Ce qui chroniquement peut transformer ta structure cérébrale et abîmer les cellules cérébrales. Et l'atterrissage risque d’être vraiment problématique pour les cerveaux encore en développement comme ceux des moins de 25 ans.  

Moins bonne performance cognitive, moins bonne mémoire, réduction de l’attention. A chaque fois que tu binges scroll, tu réduis aussi ta barre d’énergie mentale de la journée.  

Comme une grande partie de la population fonctionne comme ça, on finit par banaliser un comportement qui n’a rien d'ordinaire, et on se rassure en se disant que le voisin fait pareil ou pire.    

Mais… et si ça en valait la peine ? 

Chapitre 2 : Un bocal qui rend heureux

La pyramide des besoins de Maslow

On possède tous un besoin d’appartenance. Instagram le remplit partiellement.

Tu peux interagir socialement via les messages privés, les commentaires, les stories et prendre des nouvelles de tes potes avec les photos.  

Comme notre estime de nous-même est en parti définie par notre perception de ce que les autres pensent de nous, le sentiment d’appartenance créé par l’acceptation sociale sur Instagram augmente notre estime de nous-même. 

Donc comme la connexion sociale permet de réduire la dépression, l’anxiété, et le sentiment de solitude, Instagram contribuerait à notre bien-être. 

Au-delà de l’aspect social, tu peux aussi trouver des infos utiles, te distraire, et découvrir des personnalités incroyables. Il y a des créateurs drôles, des artistes brillants, et des journalistes passionnants.  

Mais est-ce que ça rend tout le monde heureux ? 

Les personnes anxieuses de leur apparence sont les plus susceptibles de poster des photos d’elles sur Instagram. Leur but, souvent inconscient, est de recevoir un retour positif et gagner en confiance.

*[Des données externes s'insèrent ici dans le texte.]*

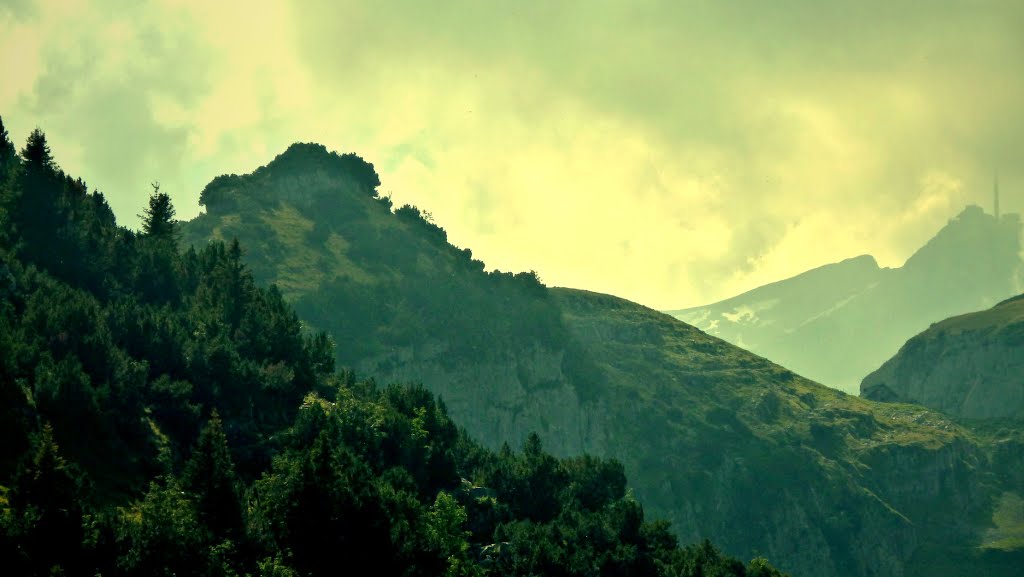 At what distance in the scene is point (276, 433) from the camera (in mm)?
103812

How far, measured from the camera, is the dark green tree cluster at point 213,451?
64062 mm

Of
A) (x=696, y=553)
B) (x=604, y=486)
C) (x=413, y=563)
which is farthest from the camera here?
(x=604, y=486)

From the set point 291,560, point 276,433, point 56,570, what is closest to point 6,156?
point 276,433

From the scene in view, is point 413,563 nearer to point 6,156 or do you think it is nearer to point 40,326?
point 40,326

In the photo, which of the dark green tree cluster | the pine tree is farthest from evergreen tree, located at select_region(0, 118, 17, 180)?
the pine tree

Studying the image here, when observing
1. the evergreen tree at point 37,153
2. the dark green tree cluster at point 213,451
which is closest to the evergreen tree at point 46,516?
the dark green tree cluster at point 213,451

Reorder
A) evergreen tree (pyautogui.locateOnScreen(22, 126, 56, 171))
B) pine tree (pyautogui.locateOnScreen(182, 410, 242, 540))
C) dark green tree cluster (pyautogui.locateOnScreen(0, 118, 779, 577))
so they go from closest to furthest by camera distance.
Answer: dark green tree cluster (pyautogui.locateOnScreen(0, 118, 779, 577))
pine tree (pyautogui.locateOnScreen(182, 410, 242, 540))
evergreen tree (pyautogui.locateOnScreen(22, 126, 56, 171))

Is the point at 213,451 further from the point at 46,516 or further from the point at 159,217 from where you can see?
the point at 159,217

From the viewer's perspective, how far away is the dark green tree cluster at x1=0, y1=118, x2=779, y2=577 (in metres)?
64.1

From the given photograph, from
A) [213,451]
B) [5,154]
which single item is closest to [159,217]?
[5,154]

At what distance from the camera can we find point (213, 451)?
248 ft

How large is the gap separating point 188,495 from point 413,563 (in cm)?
1933

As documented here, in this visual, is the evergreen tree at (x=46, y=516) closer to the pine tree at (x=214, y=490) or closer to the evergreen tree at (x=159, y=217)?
the pine tree at (x=214, y=490)

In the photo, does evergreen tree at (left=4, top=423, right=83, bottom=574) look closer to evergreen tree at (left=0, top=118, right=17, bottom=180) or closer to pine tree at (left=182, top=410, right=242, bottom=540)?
pine tree at (left=182, top=410, right=242, bottom=540) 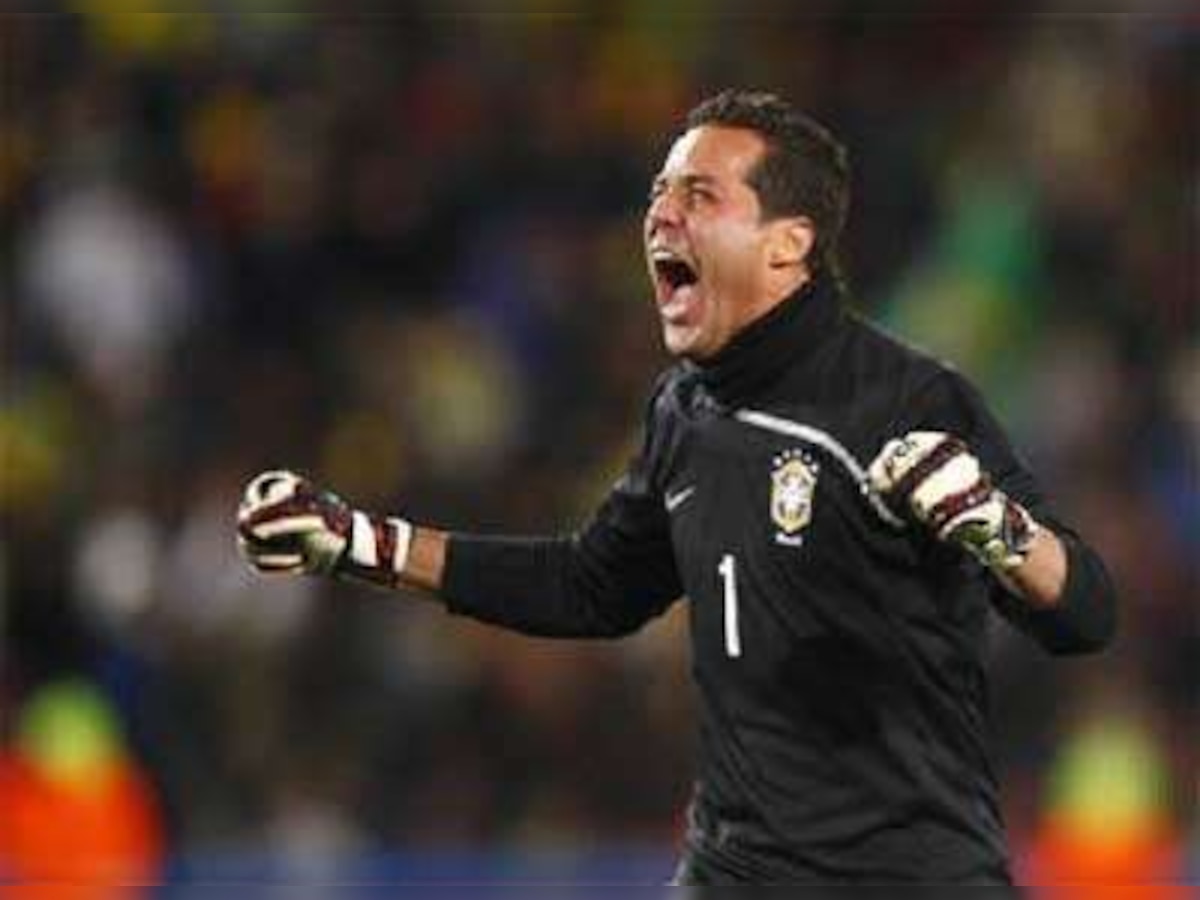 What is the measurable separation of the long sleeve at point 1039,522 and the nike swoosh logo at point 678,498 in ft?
1.43

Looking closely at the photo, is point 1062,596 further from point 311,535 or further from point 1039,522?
point 311,535

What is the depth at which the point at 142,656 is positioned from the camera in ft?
31.9

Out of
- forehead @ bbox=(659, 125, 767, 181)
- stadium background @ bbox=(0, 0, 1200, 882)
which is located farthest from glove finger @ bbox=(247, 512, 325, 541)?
stadium background @ bbox=(0, 0, 1200, 882)

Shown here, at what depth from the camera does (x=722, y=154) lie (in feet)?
17.4

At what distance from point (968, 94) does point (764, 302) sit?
22.6 ft

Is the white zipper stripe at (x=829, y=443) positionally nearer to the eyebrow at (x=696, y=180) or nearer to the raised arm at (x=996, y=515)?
the raised arm at (x=996, y=515)

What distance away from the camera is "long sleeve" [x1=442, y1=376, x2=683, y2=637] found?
18.1 feet

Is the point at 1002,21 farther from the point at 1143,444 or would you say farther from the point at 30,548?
the point at 30,548

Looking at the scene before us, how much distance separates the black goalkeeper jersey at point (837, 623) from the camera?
5.05 m

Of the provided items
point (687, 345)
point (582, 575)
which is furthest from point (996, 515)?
point (582, 575)

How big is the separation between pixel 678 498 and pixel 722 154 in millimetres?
546

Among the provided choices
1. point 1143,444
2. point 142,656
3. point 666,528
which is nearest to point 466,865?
point 142,656

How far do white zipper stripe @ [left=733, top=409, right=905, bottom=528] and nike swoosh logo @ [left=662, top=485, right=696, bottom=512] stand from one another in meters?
0.14

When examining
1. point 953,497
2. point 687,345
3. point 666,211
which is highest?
point 666,211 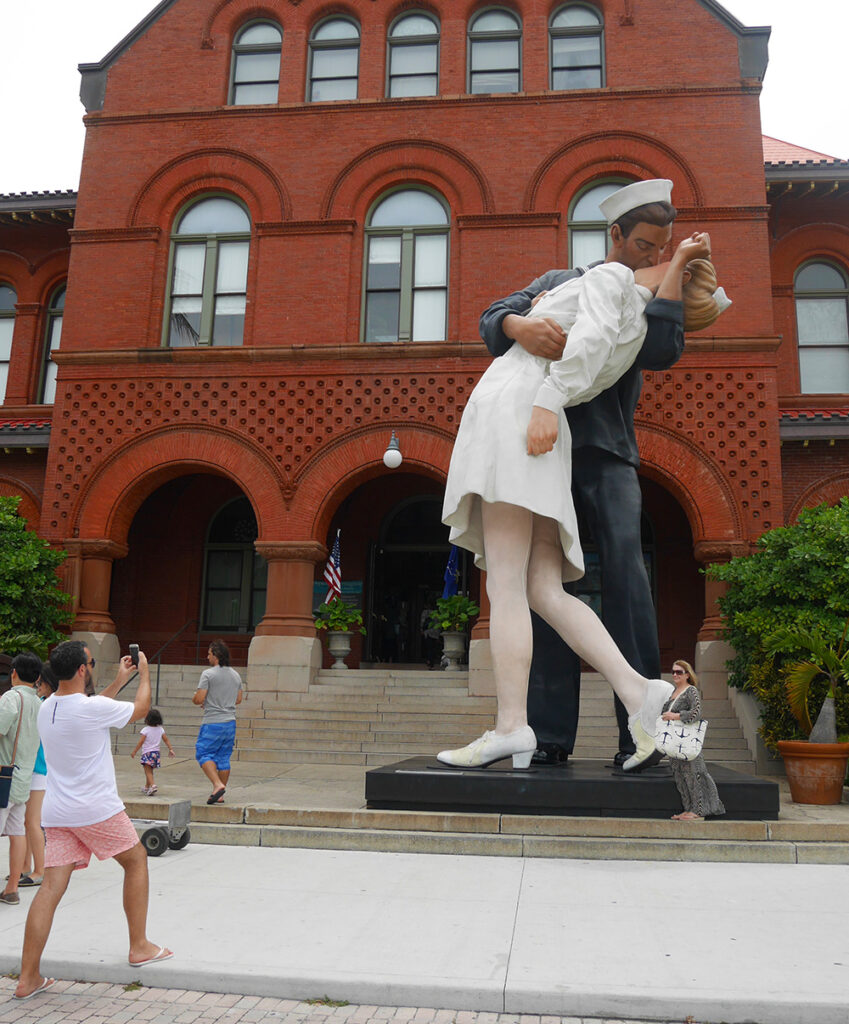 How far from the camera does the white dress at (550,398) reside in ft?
21.6

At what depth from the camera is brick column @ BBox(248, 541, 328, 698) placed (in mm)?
15697

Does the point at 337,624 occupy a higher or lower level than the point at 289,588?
lower

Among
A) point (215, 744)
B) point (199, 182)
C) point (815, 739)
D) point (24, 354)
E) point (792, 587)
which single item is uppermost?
point (199, 182)

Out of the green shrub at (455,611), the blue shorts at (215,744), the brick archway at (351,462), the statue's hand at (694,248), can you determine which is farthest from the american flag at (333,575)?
the statue's hand at (694,248)

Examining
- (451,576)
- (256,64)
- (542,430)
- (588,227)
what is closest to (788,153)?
(588,227)

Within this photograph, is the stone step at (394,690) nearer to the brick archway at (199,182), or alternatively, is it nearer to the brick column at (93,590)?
the brick column at (93,590)

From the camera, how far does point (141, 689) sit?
4430mm

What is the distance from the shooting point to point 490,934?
451 centimetres

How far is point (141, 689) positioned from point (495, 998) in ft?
6.81

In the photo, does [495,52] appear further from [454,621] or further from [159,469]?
[454,621]

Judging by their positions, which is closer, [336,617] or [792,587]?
[792,587]

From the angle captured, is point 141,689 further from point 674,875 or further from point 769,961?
point 674,875

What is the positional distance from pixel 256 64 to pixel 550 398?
15.5 meters

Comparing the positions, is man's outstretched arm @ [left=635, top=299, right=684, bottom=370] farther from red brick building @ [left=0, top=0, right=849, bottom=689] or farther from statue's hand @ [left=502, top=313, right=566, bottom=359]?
red brick building @ [left=0, top=0, right=849, bottom=689] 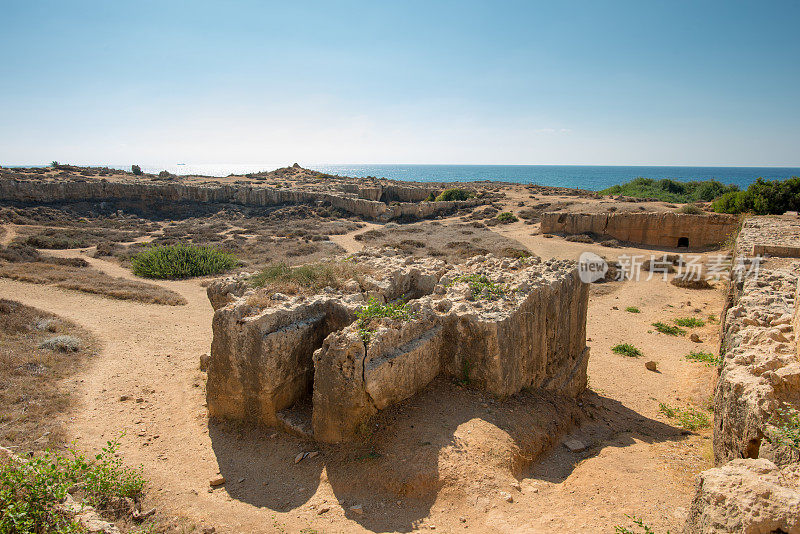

Mais si tu t’auto-présentes de manière mensongère dans le but d’être approuvé socialement, tu augmentes ton risque de dépression et ton anxiété. 

Parce que lorsque tu crées ton toi idéal, un personnage avec ton apparence sur les réseaux qui dispose de tes meilleurs traits uniquement, puis tu te compares socialement à d’autres profils idéalisés bien mieux que toi, ça peut mener à une baisse de ton estime personnelle. 

Profil Instagram de Kim Kardashian

Mais le gros problème est que les gens atteints d’un mal être ont un risque plus élevé de développer une maladie mentale. Plus d’un français sur 6 souffre de dépression ou d’anxiété. La majorité a moins de 25 ans, c’est l’âge le plus exposé au risque de dépression.

Mais si 84% des français de 16 à 25 ans utilisent activement Instagram et passent en moyenne deux heures par jour sur les réseaux, est-ce une bonne chose ?

La dépression est la maladie qui touche le plus de personnes dans le monde et qui les empêche le plus de vivre normalement. Il y a un lien étroit entre la dépression et la santé physique, comme les maladies cardiovasculaires, le cancer, et les affections respiratoires. 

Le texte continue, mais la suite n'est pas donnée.